§ Exercise goal:
Retype the lines from the one containing "5pc 4pin bakelite - 4pin, vacuum" through the last line of the entries below, exactly and in full, omitting every image.

Start of Records

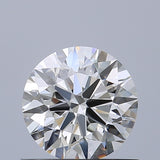 0.70 carat Round diamond F VVS2 Excellent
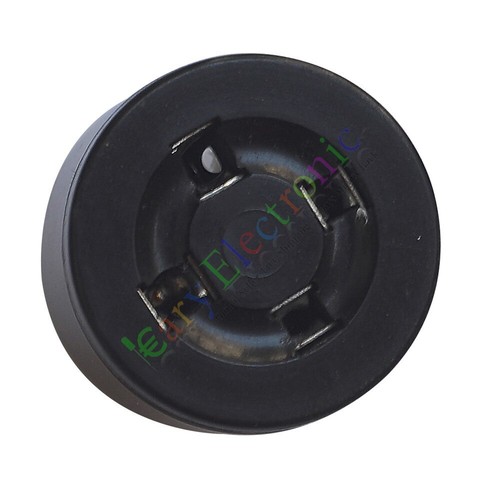 5pc 4pin bakelite - 4pin, vacuum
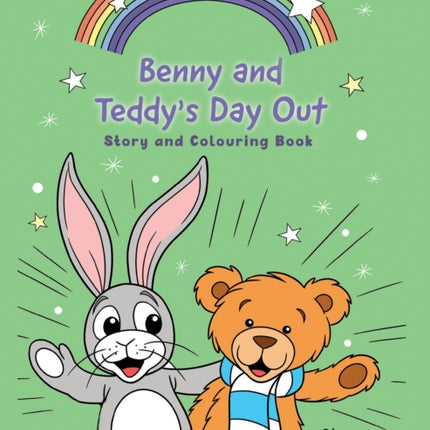 Benny and Teddy's Day Out: Story and Colouring Book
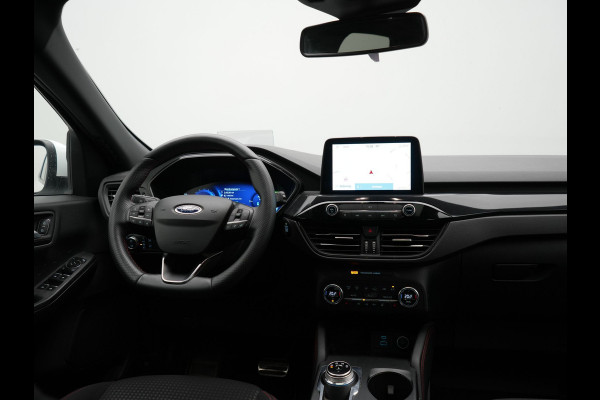 Ford Kuga 2.5 ST-Line Plug In Hybrid 225pk Dealer O.H PHEV | Panodak | Head Up | Adaptive Cruise | 360 Camera | Verwarmde Sportstoelen & Sportstuur | Apple Carplay | Navigatie | Keyless | Virtual | DAB |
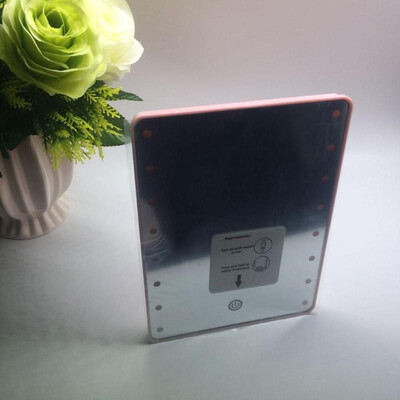 

16 LED Folding Makeup Mirror Vanity Cosmetic Mirror wTouch Dimmer Switch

End of Records

§ Reply to the exercise:
 5pc 4pin bakelite - 4pin, vacuum
 Benny and Teddy's Day Out: Story and Colouring Book
 Ford Kuga 2.5 ST-Line Plug In Hybrid 225pk Dealer O.H PHEV | Panodak | Head Up | Adaptive Cruise | 360 Camera | Verwarmde Sportstoelen & Sportstuur | Apple Carplay | Navigatie | Keyless | Virtual | DAB |

16 LED Folding Makeup Mirror Vanity Cosmetic Mirror wTouch Dimmer Switch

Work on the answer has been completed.